| Your instructions |
Please copy, exactly as they appear below, the lines from the one containing "Herpa Wings Air" through the one containing "Husbåten Vega 2".

• • • •

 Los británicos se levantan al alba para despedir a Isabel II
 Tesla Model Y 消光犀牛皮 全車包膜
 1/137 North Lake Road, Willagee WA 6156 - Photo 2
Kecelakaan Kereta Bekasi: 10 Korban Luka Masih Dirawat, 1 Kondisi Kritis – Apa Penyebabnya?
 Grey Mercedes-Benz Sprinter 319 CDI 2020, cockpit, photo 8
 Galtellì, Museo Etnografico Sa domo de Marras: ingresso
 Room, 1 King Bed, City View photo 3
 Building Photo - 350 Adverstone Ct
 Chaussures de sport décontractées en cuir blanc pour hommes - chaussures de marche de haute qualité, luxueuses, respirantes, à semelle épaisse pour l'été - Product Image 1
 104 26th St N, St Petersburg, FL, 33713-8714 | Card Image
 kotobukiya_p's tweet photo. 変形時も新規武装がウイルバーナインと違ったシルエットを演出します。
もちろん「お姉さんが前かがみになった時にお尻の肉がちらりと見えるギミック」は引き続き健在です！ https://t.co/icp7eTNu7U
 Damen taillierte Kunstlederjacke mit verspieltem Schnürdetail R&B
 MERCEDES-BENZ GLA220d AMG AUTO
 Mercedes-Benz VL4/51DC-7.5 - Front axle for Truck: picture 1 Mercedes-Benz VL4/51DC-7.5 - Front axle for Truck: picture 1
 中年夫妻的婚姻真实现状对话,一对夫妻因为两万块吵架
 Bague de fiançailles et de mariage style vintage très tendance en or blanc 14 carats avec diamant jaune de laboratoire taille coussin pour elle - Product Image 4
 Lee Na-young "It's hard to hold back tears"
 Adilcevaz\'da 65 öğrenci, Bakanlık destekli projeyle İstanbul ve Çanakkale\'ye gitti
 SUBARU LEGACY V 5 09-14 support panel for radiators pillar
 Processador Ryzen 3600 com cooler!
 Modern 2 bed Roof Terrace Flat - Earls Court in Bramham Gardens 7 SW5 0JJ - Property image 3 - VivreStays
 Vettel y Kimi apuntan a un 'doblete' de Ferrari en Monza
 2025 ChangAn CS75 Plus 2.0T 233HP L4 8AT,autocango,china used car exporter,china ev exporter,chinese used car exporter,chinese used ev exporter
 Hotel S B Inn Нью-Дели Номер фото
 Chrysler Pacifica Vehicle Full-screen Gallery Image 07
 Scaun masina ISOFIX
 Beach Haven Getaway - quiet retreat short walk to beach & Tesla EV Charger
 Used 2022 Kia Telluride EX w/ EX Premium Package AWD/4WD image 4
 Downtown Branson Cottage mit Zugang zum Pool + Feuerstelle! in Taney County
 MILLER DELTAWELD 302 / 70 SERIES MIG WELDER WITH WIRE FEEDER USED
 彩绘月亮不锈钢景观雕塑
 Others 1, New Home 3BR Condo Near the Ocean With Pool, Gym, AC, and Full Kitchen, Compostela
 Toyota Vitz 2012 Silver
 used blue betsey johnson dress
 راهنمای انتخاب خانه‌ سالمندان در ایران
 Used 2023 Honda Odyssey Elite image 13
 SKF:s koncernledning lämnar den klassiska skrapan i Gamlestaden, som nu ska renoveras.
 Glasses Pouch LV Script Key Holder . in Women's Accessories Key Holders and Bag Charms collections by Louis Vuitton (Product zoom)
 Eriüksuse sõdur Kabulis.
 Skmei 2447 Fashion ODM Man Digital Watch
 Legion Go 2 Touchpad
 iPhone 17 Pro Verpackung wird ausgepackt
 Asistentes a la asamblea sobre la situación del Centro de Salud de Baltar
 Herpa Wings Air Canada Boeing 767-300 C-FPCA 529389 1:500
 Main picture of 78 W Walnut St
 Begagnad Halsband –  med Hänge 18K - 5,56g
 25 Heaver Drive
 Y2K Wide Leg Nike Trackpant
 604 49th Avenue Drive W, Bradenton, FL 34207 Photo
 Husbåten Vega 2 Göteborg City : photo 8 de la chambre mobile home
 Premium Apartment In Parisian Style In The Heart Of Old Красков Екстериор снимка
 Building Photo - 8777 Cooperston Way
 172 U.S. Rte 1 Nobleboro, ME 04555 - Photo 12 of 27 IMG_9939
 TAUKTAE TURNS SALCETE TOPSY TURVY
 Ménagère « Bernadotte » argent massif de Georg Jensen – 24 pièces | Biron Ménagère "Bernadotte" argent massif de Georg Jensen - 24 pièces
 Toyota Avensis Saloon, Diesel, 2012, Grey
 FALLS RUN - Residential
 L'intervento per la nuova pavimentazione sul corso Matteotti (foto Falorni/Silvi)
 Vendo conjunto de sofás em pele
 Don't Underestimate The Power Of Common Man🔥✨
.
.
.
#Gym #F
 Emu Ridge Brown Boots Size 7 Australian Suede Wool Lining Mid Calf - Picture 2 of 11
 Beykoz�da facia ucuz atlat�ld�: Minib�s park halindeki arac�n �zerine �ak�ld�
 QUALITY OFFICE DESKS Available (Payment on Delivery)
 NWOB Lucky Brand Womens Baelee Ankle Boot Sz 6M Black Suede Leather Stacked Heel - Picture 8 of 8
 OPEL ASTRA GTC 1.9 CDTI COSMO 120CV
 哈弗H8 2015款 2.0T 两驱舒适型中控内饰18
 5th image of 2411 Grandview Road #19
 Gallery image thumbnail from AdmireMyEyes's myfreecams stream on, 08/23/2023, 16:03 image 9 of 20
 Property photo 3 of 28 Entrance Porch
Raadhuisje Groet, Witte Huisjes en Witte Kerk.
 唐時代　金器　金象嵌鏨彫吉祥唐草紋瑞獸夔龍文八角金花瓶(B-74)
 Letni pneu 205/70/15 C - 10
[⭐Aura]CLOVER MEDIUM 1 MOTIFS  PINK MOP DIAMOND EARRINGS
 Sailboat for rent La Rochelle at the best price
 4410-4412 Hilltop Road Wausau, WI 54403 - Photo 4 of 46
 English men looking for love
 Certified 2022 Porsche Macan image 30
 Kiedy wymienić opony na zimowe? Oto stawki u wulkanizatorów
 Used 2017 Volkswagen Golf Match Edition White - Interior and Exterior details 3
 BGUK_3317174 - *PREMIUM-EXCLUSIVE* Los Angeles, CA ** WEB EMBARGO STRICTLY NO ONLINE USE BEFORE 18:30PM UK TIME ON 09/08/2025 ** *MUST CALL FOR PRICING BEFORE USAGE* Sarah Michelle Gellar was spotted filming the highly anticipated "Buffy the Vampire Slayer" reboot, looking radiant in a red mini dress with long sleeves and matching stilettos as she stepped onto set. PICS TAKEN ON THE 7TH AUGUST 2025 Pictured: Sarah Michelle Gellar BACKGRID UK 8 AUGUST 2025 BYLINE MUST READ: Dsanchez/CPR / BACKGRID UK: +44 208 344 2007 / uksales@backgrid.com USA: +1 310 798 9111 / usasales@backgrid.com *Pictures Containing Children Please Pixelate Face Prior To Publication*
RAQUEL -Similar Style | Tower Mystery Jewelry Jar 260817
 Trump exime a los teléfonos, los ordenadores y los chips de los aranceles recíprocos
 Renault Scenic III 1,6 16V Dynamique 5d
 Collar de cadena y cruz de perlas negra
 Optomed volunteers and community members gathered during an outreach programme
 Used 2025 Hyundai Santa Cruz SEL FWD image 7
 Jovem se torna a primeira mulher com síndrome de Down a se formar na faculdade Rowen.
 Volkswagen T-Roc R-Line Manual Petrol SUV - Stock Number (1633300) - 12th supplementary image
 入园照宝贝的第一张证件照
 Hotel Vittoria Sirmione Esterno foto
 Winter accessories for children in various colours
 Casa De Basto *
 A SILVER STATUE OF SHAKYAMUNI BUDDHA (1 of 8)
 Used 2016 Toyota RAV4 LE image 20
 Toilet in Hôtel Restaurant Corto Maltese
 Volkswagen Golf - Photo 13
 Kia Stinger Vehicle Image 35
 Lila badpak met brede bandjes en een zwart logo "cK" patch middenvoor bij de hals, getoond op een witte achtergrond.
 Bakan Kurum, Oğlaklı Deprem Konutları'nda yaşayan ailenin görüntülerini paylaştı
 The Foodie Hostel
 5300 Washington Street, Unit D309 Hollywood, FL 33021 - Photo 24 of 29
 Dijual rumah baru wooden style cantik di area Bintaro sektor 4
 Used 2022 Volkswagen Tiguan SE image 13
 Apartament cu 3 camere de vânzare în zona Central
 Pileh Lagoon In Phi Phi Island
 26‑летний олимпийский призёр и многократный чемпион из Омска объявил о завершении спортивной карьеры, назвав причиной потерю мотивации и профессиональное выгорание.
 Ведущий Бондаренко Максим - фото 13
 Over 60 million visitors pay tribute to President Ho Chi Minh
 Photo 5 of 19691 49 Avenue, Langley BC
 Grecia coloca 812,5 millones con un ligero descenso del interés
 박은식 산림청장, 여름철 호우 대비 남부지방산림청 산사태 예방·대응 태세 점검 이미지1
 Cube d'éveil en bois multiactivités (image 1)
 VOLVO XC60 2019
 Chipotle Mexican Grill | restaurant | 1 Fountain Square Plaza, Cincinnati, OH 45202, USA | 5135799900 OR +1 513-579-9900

• • • •

| Answer below |
 Herpa Wings Air Canada Boeing 767-300 C-FPCA 529389 1:500
 Main picture of 78 W Walnut St
 Begagnad Halsband –  med Hänge 18K - 5,56g
 25 Heaver Drive
 Y2K Wide Leg Nike Trackpant
 604 49th Avenue Drive W, Bradenton, FL 34207 Photo
 Husbåten Vega 2 Göteborg City : photo 8 de la chambre mobile home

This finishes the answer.